Academic Freedom Critical to Unanimous Ninth Circuit Opinion Protecting Professor’s Speech

By on May 24, 2010

Yesterday’s unanimous Ninth Circuit opinion in Rodriguez v. Maricopa County Community College District, holding that three contentious e-mails sent by a professor to his coworkers were protected by the First Amendment, provided critical judicial endorsement for the value of academic freedom. The federal appellate court’s safeguarding of a college district’s ability to be intellectually diverse and open-minded comes at a time when it is much needed, after Harvard Law School recently attempted to sanitize its campus from exploration of unpopular ideas.

Unlike Harvard Law, the Maricopa County Community College District (MCCCD) appreciated the rights of one of its faculty to express unpopular ideas in an open e-mail forum, and the Ninth Circuit approved. We offered an overview of the facts and holding of Rodriguez here. In brief, a group of Hispanic employees of the MCCCD sued the district for failing to punish a math professor who sent racially charged e-mails to all of his coworkers. The professor’s e-mails, which some employees found offensive and racially insensitive, described "the superiority of Western Civilization" and criticized America’s current "multicultural stupor." These e-mails sparked a debate among coworkers and a student protest, and ultimately led to a lawsuit against the MCCCD.

The Ninth Circuit held that the defendants were not liable for failing to punish the professor, since his speech did not constitute unlawful harassment. In doing so, the court elevated academic freedom both for professors and for the institution as a whole.

First, the court noted the importance of permitting professors to articulate non-mainstream, provocative, and offensive views in order to facilitate a diversity of ideas on college campuses. The panel, which included former Supreme Court Justice Sandra Day O’Connor, sitting by designation, quoted a prior Ninth Circuit opinion for the principle that "the desire to maintain a sedate academic environment . . . does not justify limitations on a teacher’s freedom to express himself on political issues in vigorous, argumentative, unmeasured, and even distinctly unpleasant terms." Adamian v. Jacobsen, 523 F.2d 929, 934 (9th Cir. 1975).

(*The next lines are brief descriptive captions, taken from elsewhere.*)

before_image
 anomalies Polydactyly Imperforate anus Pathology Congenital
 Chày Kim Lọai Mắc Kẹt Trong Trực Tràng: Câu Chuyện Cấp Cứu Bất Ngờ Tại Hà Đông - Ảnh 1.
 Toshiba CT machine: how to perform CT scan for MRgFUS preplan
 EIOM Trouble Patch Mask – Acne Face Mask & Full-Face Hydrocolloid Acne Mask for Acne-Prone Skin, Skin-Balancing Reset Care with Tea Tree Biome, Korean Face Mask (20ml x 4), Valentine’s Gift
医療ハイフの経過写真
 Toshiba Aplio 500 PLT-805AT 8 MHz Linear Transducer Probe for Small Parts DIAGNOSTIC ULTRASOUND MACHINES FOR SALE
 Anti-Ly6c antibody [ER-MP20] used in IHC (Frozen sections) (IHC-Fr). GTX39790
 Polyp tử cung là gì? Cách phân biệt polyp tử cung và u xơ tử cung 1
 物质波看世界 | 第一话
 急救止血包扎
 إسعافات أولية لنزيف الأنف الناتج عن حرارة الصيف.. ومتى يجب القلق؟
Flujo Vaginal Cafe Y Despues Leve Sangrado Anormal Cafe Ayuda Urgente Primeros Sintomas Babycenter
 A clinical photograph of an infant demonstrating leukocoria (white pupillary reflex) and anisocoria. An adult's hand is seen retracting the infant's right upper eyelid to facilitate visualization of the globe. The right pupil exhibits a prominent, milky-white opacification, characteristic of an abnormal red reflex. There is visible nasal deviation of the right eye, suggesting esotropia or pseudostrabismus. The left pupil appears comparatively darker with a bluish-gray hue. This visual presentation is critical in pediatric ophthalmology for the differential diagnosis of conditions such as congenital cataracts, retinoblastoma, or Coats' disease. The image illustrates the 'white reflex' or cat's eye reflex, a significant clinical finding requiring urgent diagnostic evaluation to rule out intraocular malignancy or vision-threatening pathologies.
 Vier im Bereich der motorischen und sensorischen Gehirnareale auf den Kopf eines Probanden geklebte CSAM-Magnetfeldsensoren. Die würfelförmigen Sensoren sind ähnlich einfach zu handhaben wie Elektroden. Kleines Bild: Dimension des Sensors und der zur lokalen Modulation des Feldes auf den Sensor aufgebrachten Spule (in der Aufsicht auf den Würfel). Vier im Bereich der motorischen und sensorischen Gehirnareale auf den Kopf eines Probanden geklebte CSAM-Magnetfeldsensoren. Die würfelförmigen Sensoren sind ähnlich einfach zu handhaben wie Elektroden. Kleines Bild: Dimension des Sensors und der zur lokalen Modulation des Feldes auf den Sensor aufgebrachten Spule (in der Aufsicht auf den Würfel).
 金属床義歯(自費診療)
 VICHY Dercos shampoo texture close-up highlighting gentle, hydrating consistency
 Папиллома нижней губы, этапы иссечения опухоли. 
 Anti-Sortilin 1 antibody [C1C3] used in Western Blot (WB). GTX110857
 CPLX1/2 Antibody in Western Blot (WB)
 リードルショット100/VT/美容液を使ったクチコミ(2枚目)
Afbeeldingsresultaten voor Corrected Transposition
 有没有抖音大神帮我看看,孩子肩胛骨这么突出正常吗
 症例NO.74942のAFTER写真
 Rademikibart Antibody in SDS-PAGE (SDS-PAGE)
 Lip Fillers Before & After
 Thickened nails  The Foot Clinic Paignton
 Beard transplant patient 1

In addition to recognizing professors’ academic freedom, the court of appeals upheld the MCCCD’s institutional academic freedom. The court deferred to the MCCCD’s methods of handling e-mails that offend employees. Universities cannot be required to police their employees whenever their language or unmeasured views are deemed offensive. Fear of lawsuits would lead to hiring the least controversial professors and ultimately to a university environment that is sterile instead of intellectually vibrant. According to the Ninth Circuit,

The academy’s freedom to make such decisions without excessive judicial oversight is an "essential" part of academic liberty and a "special concern of the First Amendment." If colleges are forced to act as the hall monitors of academia, subject to constant threats of litigation both from professors who wish to speak and listeners who wish to have them silenced, "many school districts would undoubtedly prefer to ‘steer far’ from any controversial professor and instead substitute ‘safe’ ones in order to reduce the possibility of civil liability and the expensive and time-consuming burdens of a lawsuit." To afford academic speech the breathing room that it requires, courts must defer to colleges’ decisions to err on the side of academic freedom. Otherwise, schools will inevitably reassess whether hiring a lightning rod like Kehowskior, for that matter, Larry Summers or Cornel Westis worth the trouble. [Internal citations omitted.]

The Ninth Circuit’s eloquent articulation of the value of both individual and institutional academic freedom should ease the concerns of administrators who wish to hire professors outside of the mainstream, in any direction. As the court of appeals noted, "[w]ithout the right to stand against society’s most strongly-held convictions, the marketplace of ideas would decline into a boutique of the banal, as the urge to censor is greatest where debate is most disquieting and orthodoxy most entrenched."

FIRE congratulates the MCCCD for braving a lawsuit rather than stifling a professor for expressing unpopular but protected speech.